Nascent

December 14, 2009

Sensemaking in Multi-Fusion Environments

Jeff Jonas visited us again at the start of November and gave a talk about some of the new work that he is doing. Jeff is our first return speaker, and this time he gave us an update on his thinking about sensemaking systems and how that is effecting his on-going work in developing a new technology.

Jeff mainly works on building sensemaking systems that can reconcile large amounts of data in real time. In brief a sensemaking system is one that, in contrast to a data warehousing solution, does something active with each piece of data as it is acquired, rather than only storing the data for later re-use. Identity disambiguation is a problem that these class of systems have been applied to in the past, however the new technique will be more generally applicable. One of the difficulties with the sensemaking problem is that any individual piece of data that arrives, on its own, is hard to evaluate in terms of how important it is in terms of relevance. Each piece of data needs somehow to be contextualised first. Jeff illustrated the underlying mechanics of such a system with an analogy to jigsaw puzzle solving.
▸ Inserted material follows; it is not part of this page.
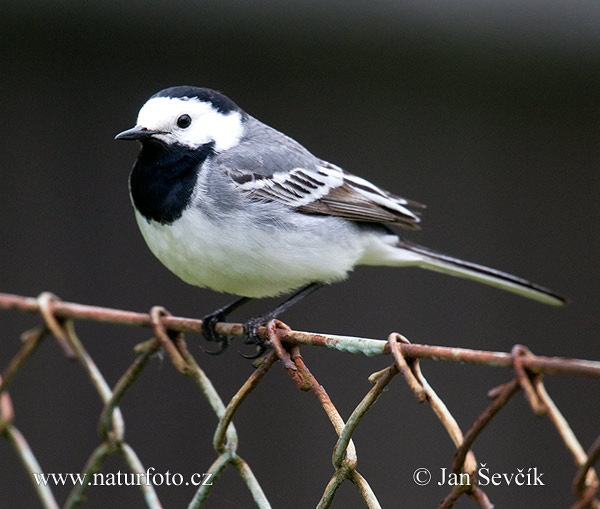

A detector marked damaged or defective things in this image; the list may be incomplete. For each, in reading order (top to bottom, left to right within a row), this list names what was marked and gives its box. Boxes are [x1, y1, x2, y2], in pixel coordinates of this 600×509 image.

rusty chain-link fence [0, 290, 596, 508] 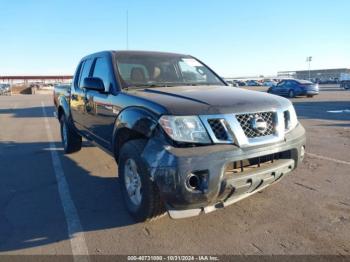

When solving a jigsaw puzzle we make an assertion with each new puzzle piece that we pick up, it either fits perfectly in some place in the evolving solution space, or it belongs to a similar set of pieces but we don’t exactly know how yet, or one has no idea where it goes so it is placed anywhere.

When asserting that the new piece fits into an existing piece one always favors the false-negative, as one never puts pieces together unless we are really sure that they go together.

When we get a new connecting piece we re-consider if by now knowing this, other previous pieces already considered have a better placement.

Sometimes a new piece reverses an earlier assertion – e.g., determining where a piece belongs reveals a connected piece that upon closer inspection, really did not belong. In this case, this misplaced piece is removed.

The working space needed during the process of solving the puzzle is much larger than the final solution space.

From this description it sounded to me that Jeff’s system accumulates attributes of the things that we are interested, in folders, and then makes connections between these folders as new pieces of information come in to the system.

One of the important characteristics of a usable sensemaking system is that it needs to be able to change its decision state as new information comes in. This is to ensure that the system does not drift from the truth as arriving new data invalidates earlier assertions.

Systems like this end up expressing bias base on the observations they have received. So in theory, an organization could ingest slightly different data sets into different instances of the program in parallel and poll them for their views. One would be able to see dissent between these different instances.

A key issue about sensemaking is the ability of the system to count discrete objects. If you can’t count the discrete entities that you are interested in, then you can’t expect to produce high quality predictions. This is the key principle behind the new technology that Jeff is developing—on that this new work is a general counting engine. With this in mind he is currently looking for hard science problems that such an engine could be applied to, and this was one of the reasons for his visit in to our offices, so if anyone reading has some ideas please post them and we’ll pass them along.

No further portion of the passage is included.